ETA: living on campus was mandatory freshman year, unless you lived with family. After that it was optional, but very desirable (the off campus housing situation wasn’t very good).

We had actual RAs who didn’t do much policing; they’d more likely ask you not to bogart that joint or pass them a beer.

Ok, you asked for freshman dorm stories, here you go.

1989, New Concord, Ohio. I moved into Patton Hall on the scenic campus of Muskingum College.

I was lucky enough to get a corner room, which oddly were smaller than the others. The bunk beds were held together at 1 point by duct tape and a drumstick (the musical kind, thankfully). A pane was broken in 1 of the windows, but then again, the windowsill was also crumbling so why worry? I wouldn’t get cold. There was a big steam radiator ready to hiss and sputter all winter long.

Above the door, there was a squawkbox like the ones you would find in public school classrooms. Well, that was there to let you know you had a phone call! A resident hall guy had to sit by a phone bank and announce to you you had a call on line whatever, then you had to go into the hall where 30 guys shared 4 party line phones with the rest of the building. Since these boxes were 2-way, your room was effectively bugged 24 hours a day.
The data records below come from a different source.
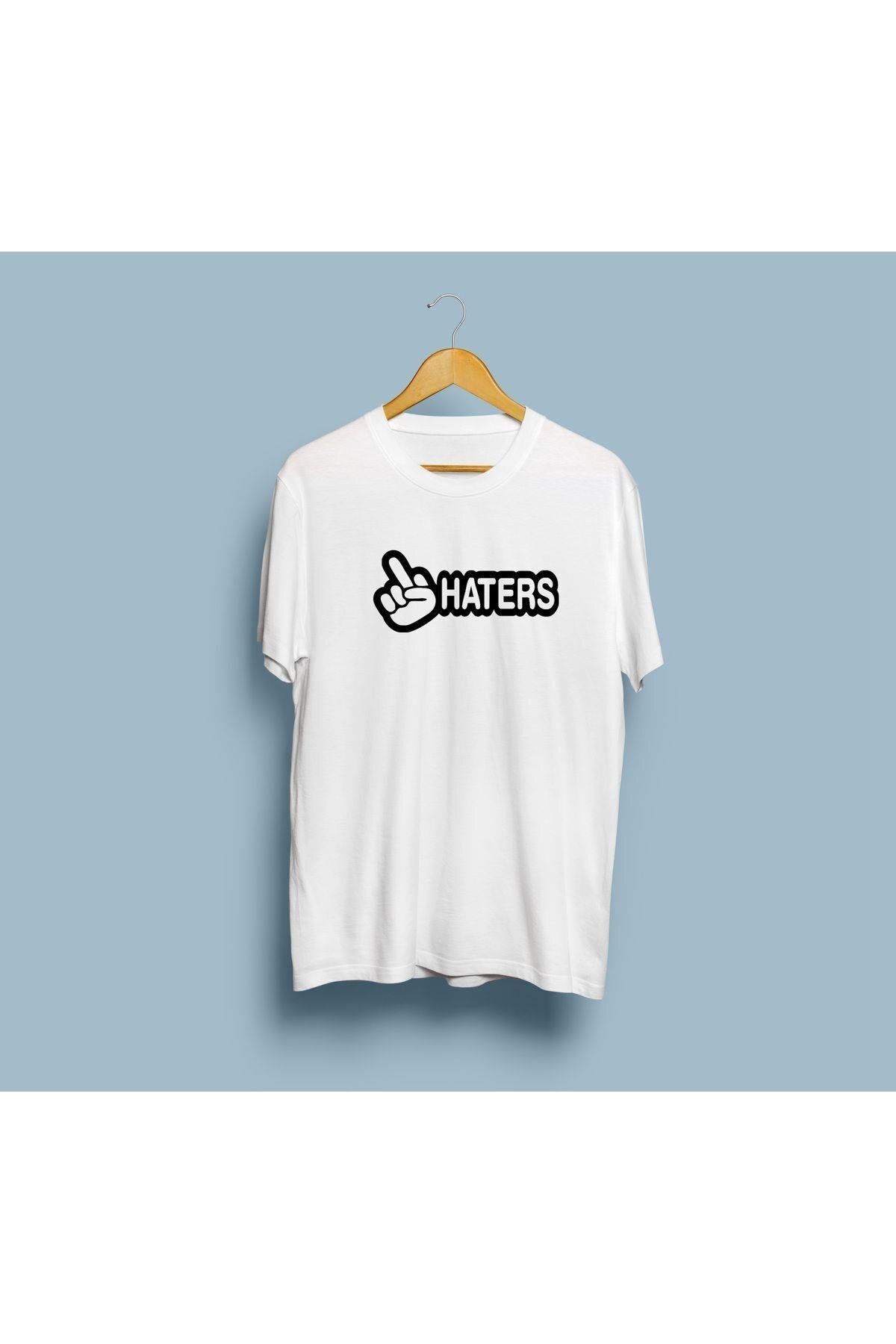 bahriyeli.jpeg Oversize Fotoğraf makinesi unisex T-shirt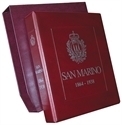 Raccoglitore per moneta san - raccoglitore,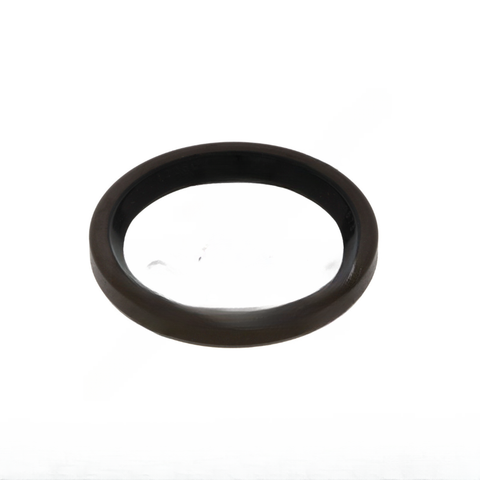 TDA 1205Q2123 SEAL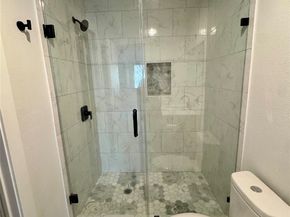 2329 W Settlers Way, The Woodlands TX 77380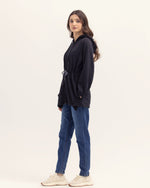 Women Fashion Hoodie - Engine - Buy Now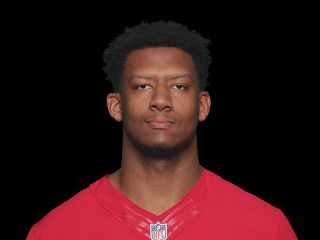 Jamar McGloster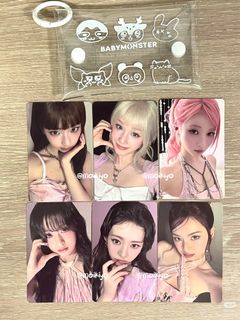 （分類：）位於 。 由 melonfrog 提交（商品編號 1458933752，圖片 1）。簡介： 。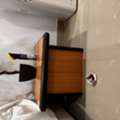 BHD 5,  Side Table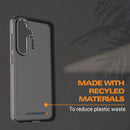 EFM Volta Galaxy S24 Plus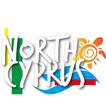 Info North Cyprus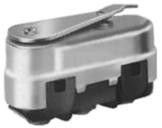 5930-00-548-4267 Photo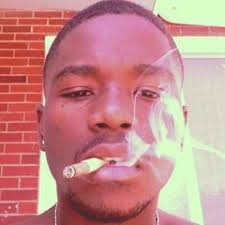 Stream hard head ass KP music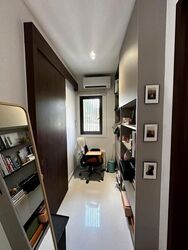 Parksuites (D10), Apartment #613243381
And if you got a visitor who was (gasp) a girl(!), she had to be announced over the PA, then you had to walk downstairs to escort her through the halls. There was an established policy that no member of the opposite sex could wander more than an arm’s length away from a resident. It was never clear to me what the punishment would be for breaking this rule.

Taking a shower was risky because we had that setup where, if you flush the toilet, anybody under the showerhead would be badly scalded. Therefore, we were encouraged to shout “Fire in the Hole!” whenever we flushed.

We weren’t allowed keys to the building, so if you waltzed in at some ungodly hour like 11:30, you had to ring a buzzer to wake up the Jumper, who was a dude with the fun job of waking up and opening the door for you.

I don’t mean to sound like I’m complaining: The other men’s dorms were far worse in terms of livability. I mean, we had doors on our toilet stalls. Thomas Hall’s bathroom was arranged so that you could sit and chat with your neighbor while a guy shaved at the mirror 6 feet in front of you. “Hey Buddy! How’s your shit comin’?”

Now go back and look at line 2. This was 1989. That’s eighty-nine.

All in all, a pretty good year.

Same school as Hello Again (go fightin’ Herbils!), roughly the same time period, similar experiences to hers. I’d add that I found living in an upperclass dorm a very different experience; I don’t think any of my hallmates became more than passing acquaintances.

At the university where I currently work, only about a quarter of the students live on campus. The freshmen are all in one dorm (coed by wing); the upperclass students are scattered across campus in various dorms, all single-sex. (It is a very conservative part of the country, and in general, the rules for campus housing are a lot more in loco parentis than I’d be comfortable with if I were a student – for example, students here are not allowed to have overnight guests of the opposite sex.)

Fretful Porpentine, is your employer a conservative Christian institution? If so I wouldn’t be greatly surprised that they have conservative standards of behavior. After all, BYU even dictates behavior of off-campus residents, and I believe they have proctors or inspectors to insure compliance.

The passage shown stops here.